Code style (from AGENTS.md)

  • No comments inside function bodies. Use clear naming and module docs
  • Prefer pattern matching to conditionals
  • Use {:ok, result} | {:error, reason} tuples for fallible helpers

Options translation

  • Use translate_options/3 to rename/drop provider-specific params (e.g., max_tokensmax_output_tokens)

Tools and multimodal

  • Always map tools via ReqLLM.Tool.to_schema/2
  • Respect ContentPart variants for images/files.
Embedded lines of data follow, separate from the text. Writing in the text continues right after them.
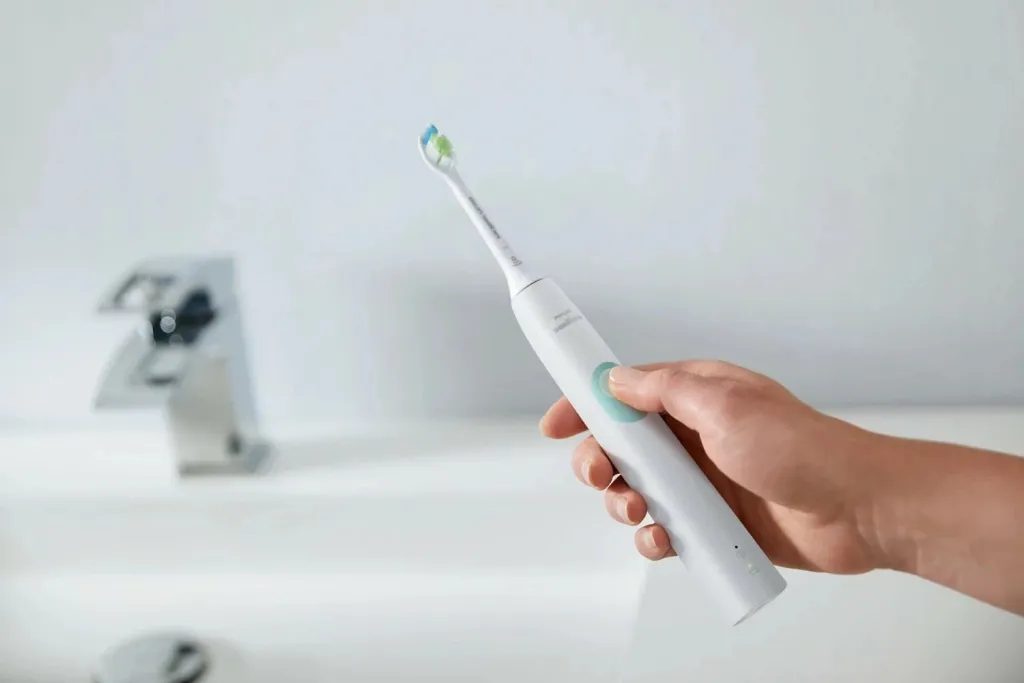 Furçë dhëmbësh sonike Philips Sonicare 4300 HX6807/51, e bardhë - 3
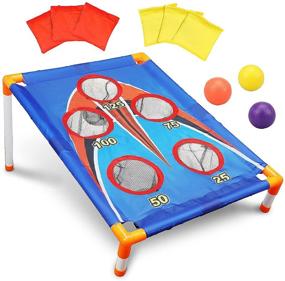 img 4 attached to Unleash the Fun with TOY Life Cornhole Outdoor Games – Perfect for Sports & Outdoor Play!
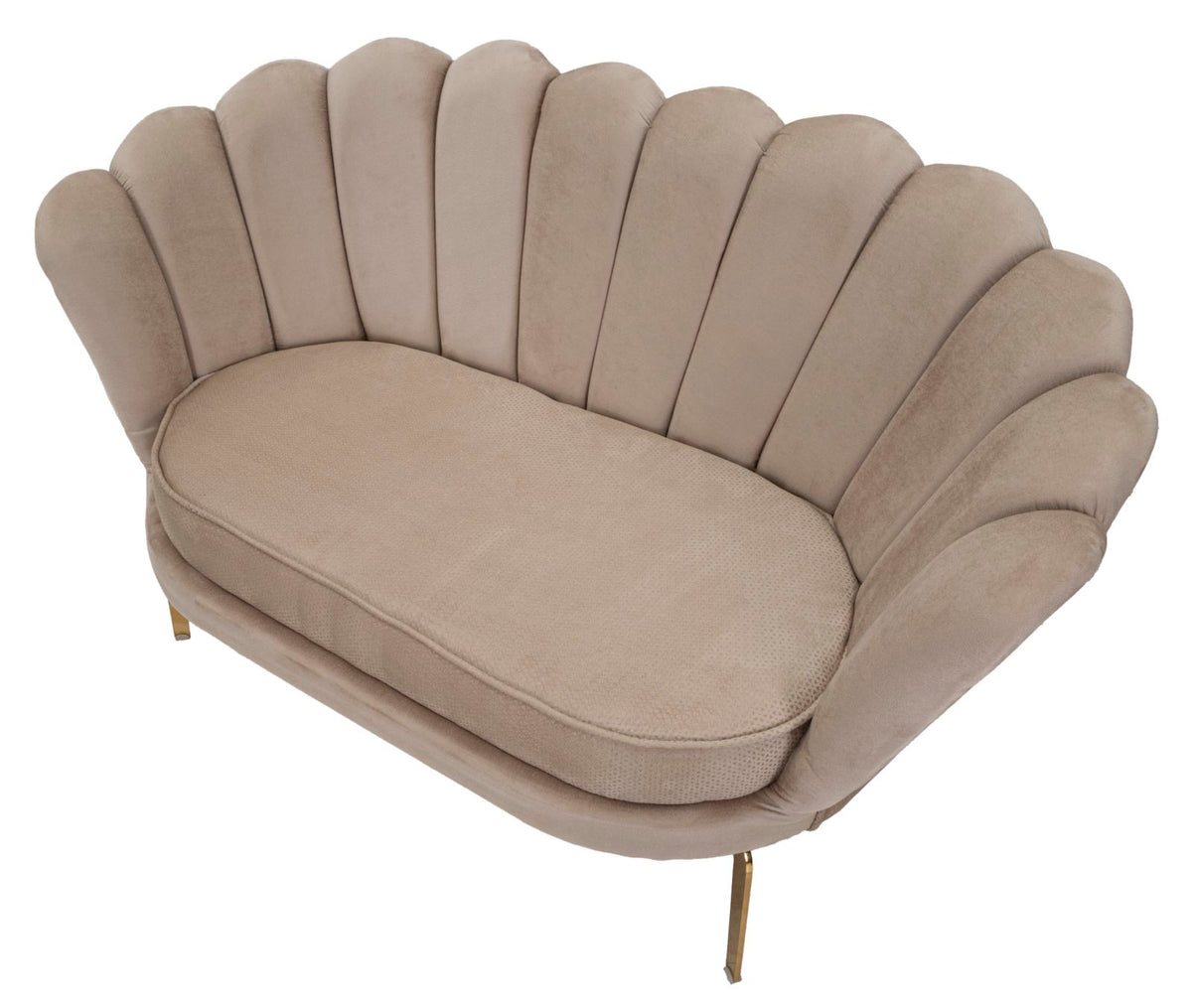 Mauro Ferretti Divano Vienna Plus Crema 136 x 76 x 78 cm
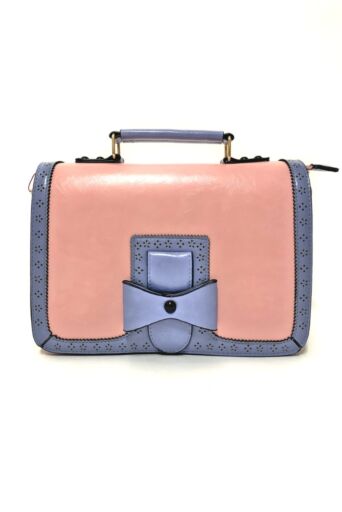 Scandel Handtas Roze blauw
Base64 encode if the provider requires it

Streaming

  • Build the Finch request in attach_stream/4
  • Decode events to StreamChunk in decode_stream_event/2 or /3
  • Emit terminal meta chunk with finish_reason and usage if provided

Testing incrementally

  • Start with non-streaming happy path, then add streaming and tools
  • Record minimal, deterministic fixtures (temperature: 0)

Advanced Topics

When to consider the advanced path

  • Provider uses non-SSE streaming (binary protocol) or chunked JSON requiring stateful accumulation
  • Models with unique parameter semantics that demand translate_options/3 and capability gating
  • Complex multimodal tool invocation requiring custom mapping of multi-part tool args/results

Advanced implementations

  • Implement parse_stream_protocol/2 for custom binary protocols (e.g., AWS Event Stream)
  • Implement init_stream_state/1, decode_stream_event/3, flush_stream_state/2 to accumulate partial tool_call args or demultiplex multi-channel events
  • Implement normalize_model_id/1 for regional aliases and translate_options/3 with warning aggregation
  • Provide provider-specific usage accounting that merges multi-phase usage deltas

Callback Reference

What to implement and when

prepare_request/4

  • Build Req for the operation
  • Defaults cover :chat, :object, :embedding

attach/3

  • Set headers, auth, and pipeline steps
  • Defaults add Bearer, retry, error, usage, fixture steps

encode_body/1

  • Transform options/context to provider JSON
  • Defaults are OpenAI-compatible; override for custom wire formats

decode_response/1

  • Map provider body to Response or error
  • Defaults map OpenAI-style bodies; override if your shape differs

attach_stream/4

  • Must return {:ok, Finch.Request.t()}
  • Defaults build OpenAI-compatible streaming requests; override for custom endpoints/headers

decode_stream_event/2 or /3

  • Map provider events to StreamChunk
  • Defaults handle OpenAI-compatible deltas

extract_usage/2

  • Normalize usage tokens/cost if provider deviates from standard usage shape

translate_options/3

  • Rename/drop options per model or operation

Summary

Adding a provider to ReqLLM involves:

  1. Creating a provider module with the DSL and behavior implementation
  2. Implementing encoding/decoding for the provider's wire format
  3. Adding model metadata and syncing the registry
  4. Writing tests at all three tiers (core, provider, coverage)
  5. Recording fixtures for validation

By following these guidelines and leveraging the defaults, you can add robust, well-tested provider support that maintains ReqLLM's normalization principles across all AI interactions.